= EXERCISE INSTRUCTIONS =
Transcribe, exactly and without pictures, the lines below from the line with "HYUNDAI i30 i30 1.5 DPI Smart" to the line with "玄関や机の上などに、置きやすいサイズです♪プレゼントにも喜ばれそうですね🐾", both ends included, and no others.

(Image-text web data)
= = = = = = =

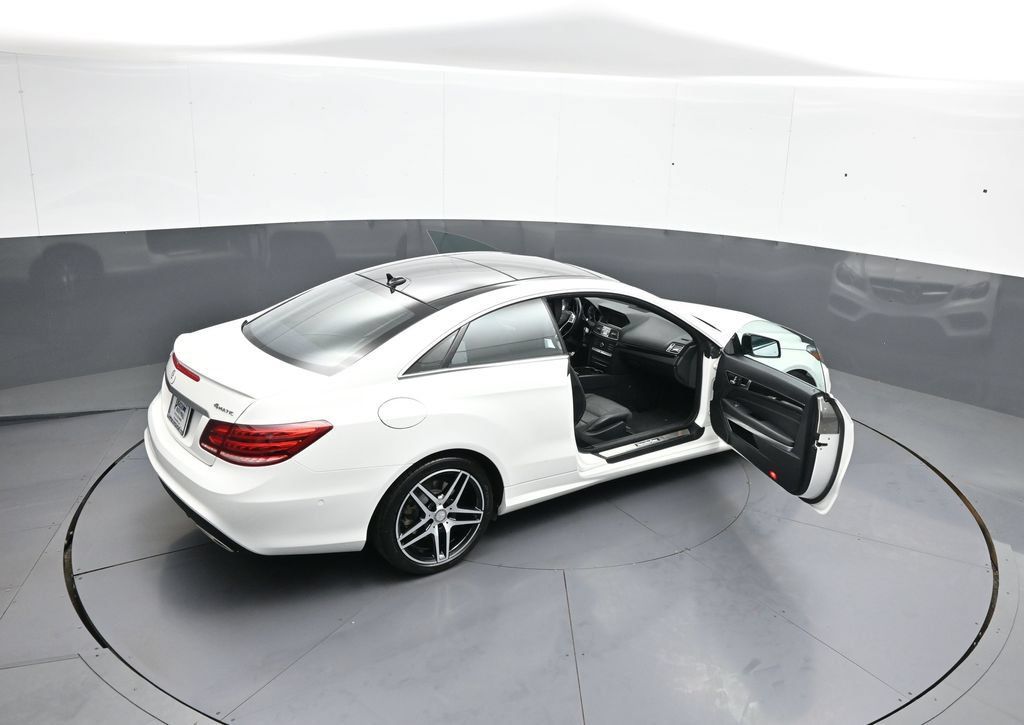 Used 2017 Mercedes-Benz E 400 4MATIC Coupe image 50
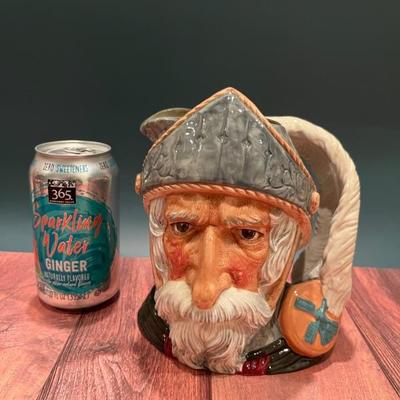 Loads of Toby jugs, character jugs in all sizes from Royal Doulton, Sterling and Artone—Winston Churchill, Falstaff, Neptune, pirates,...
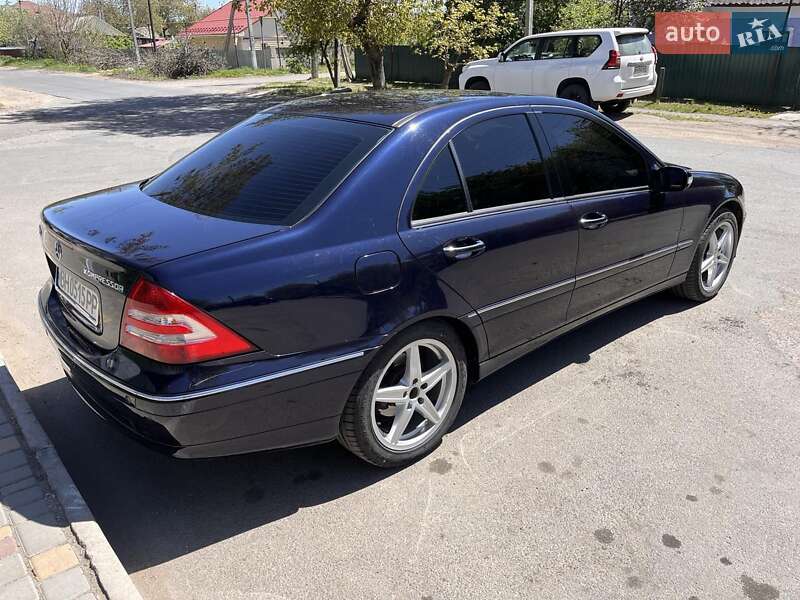 Седан Mercedes-Benz C-Class 2004 в Подільську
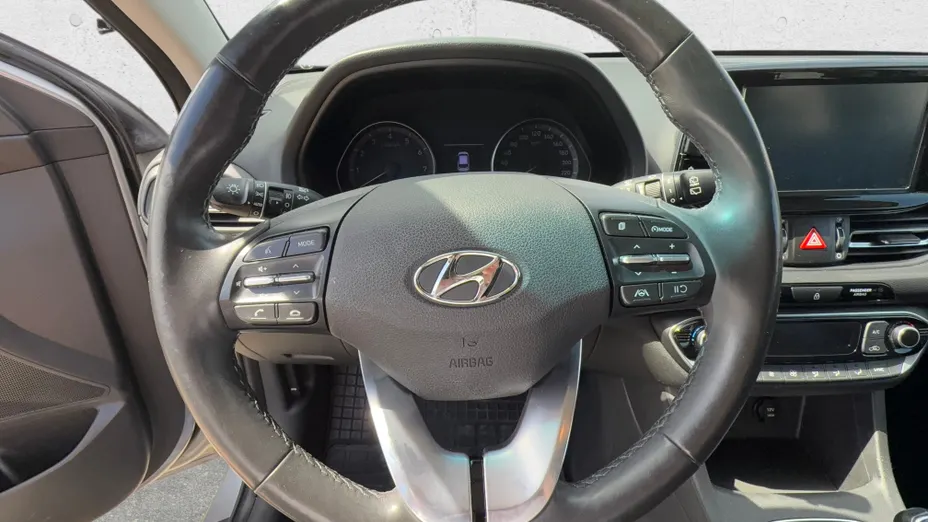 HYUNDAI i30 i30 1.5 DPI Smart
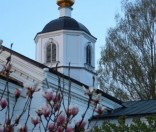 Весна в монастыре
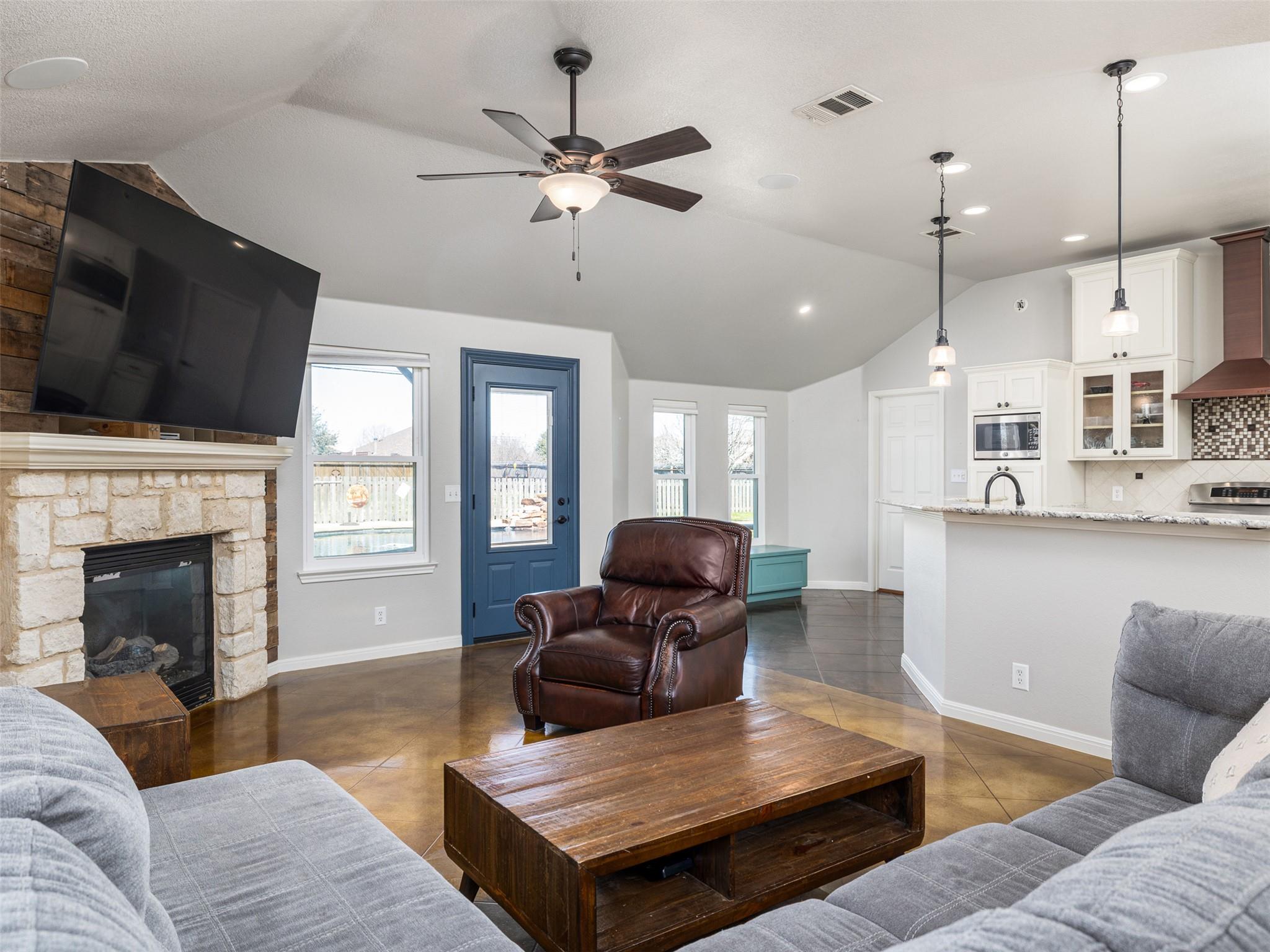 208 S Buffalo Pass, Georgetown, TX 78633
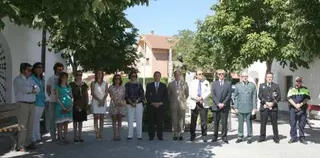 Minuto de silencio en Villanueva de la Cañada en señal de duelo por el accidente de Santiago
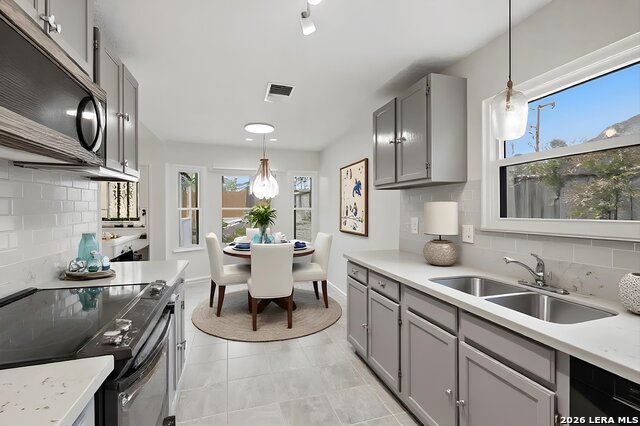 Image 9 of 21 For 5707 Larkdale Dr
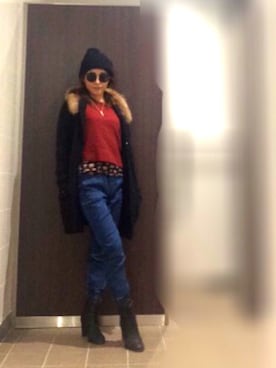 「赤トップス」｜「UNIQLO（ユニクロ）のアイテム」を使った、あきちんさん（レディース・164cm）の冬コーディネート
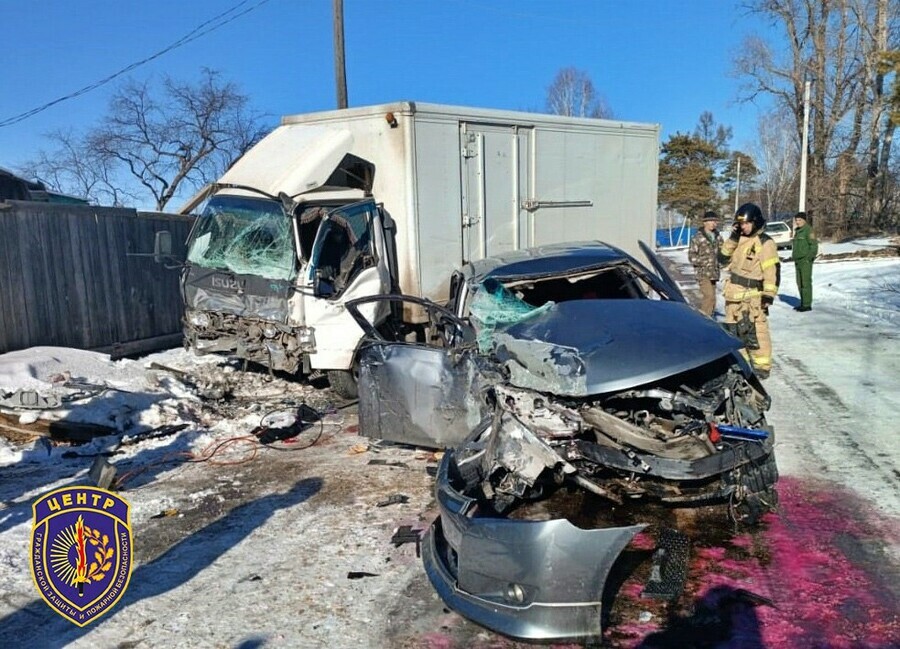 Водитель травмирован пассажир погиб о ДТП в Юхте рассказали спасатели фото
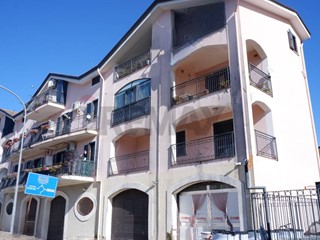 Trilocale in Vendita a Pietramelara, 99'000&euro;, 116 m²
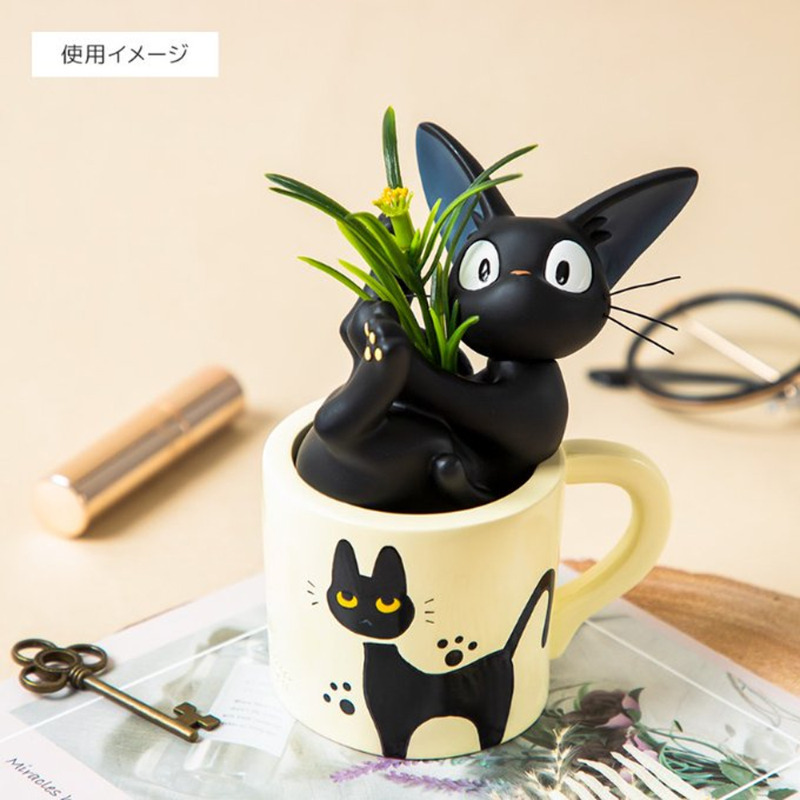 dongurisoranoue's tweet photo. 🌷再入荷🌷
かわいいジジの一輪挿しが再入荷しました❣お花を挿すと、遊んでいたらマグカップにすっぽりはまってしまったようなシーンを作ることが出来ますよ🥰

玄関や机の上などに、置きやすいサイズです♪プレゼントにも喜ばれそうですね🐾
https://t.co/oT6bzJXsTb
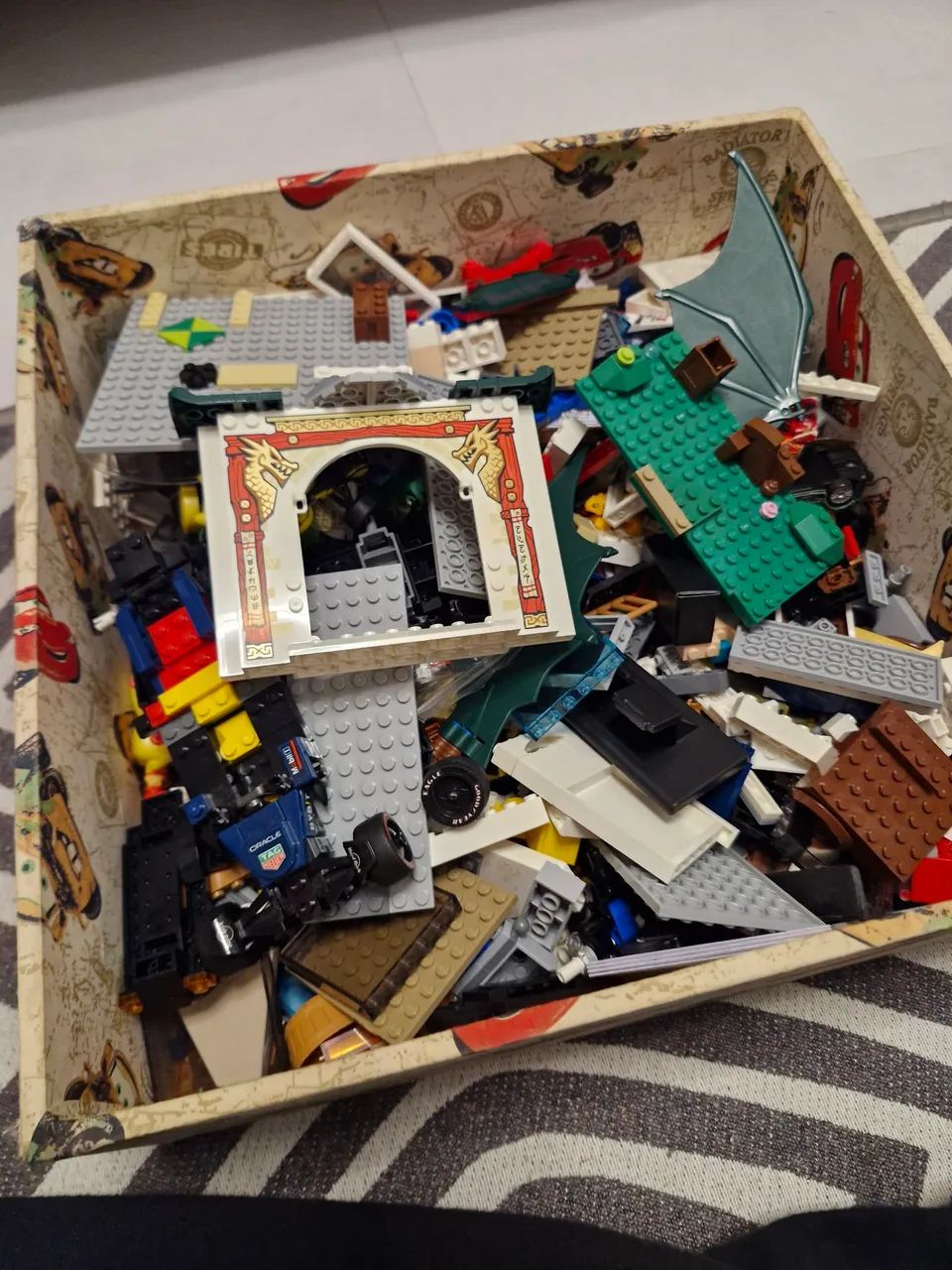 Peças e conjuntos lego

= = = = = = =

= OUTPUT FOR THIS TASK =
 HYUNDAI i30 i30 1.5 DPI Smart
 Весна в монастыре
 208 S Buffalo Pass, Georgetown, TX 78633
 Minuto de silencio en Villanueva de la Cañada en señal de duelo por el accidente de Santiago
 Image 9 of 21 For 5707 Larkdale Dr
 「赤トップス」｜「UNIQLO（ユニクロ）のアイテム」を使った、あきちんさん（レディース・164cm）の冬コーディネート
 Водитель травмирован пассажир погиб о ДТП в Юхте рассказали спасатели фото
 Trilocale in Vendita a Pietramelara, 99'000&euro;, 116 m²
 dongurisoranoue's tweet photo. 🌷再入荷🌷
かわいいジジの一輪挿しが再入荷しました❣お花を挿すと、遊んでいたらマグカップにすっぽりはまってしまったようなシーンを作ることが出来ますよ🥰

玄関や机の上などに、置きやすいサイズです♪プレゼントにも喜ばれそうですね🐾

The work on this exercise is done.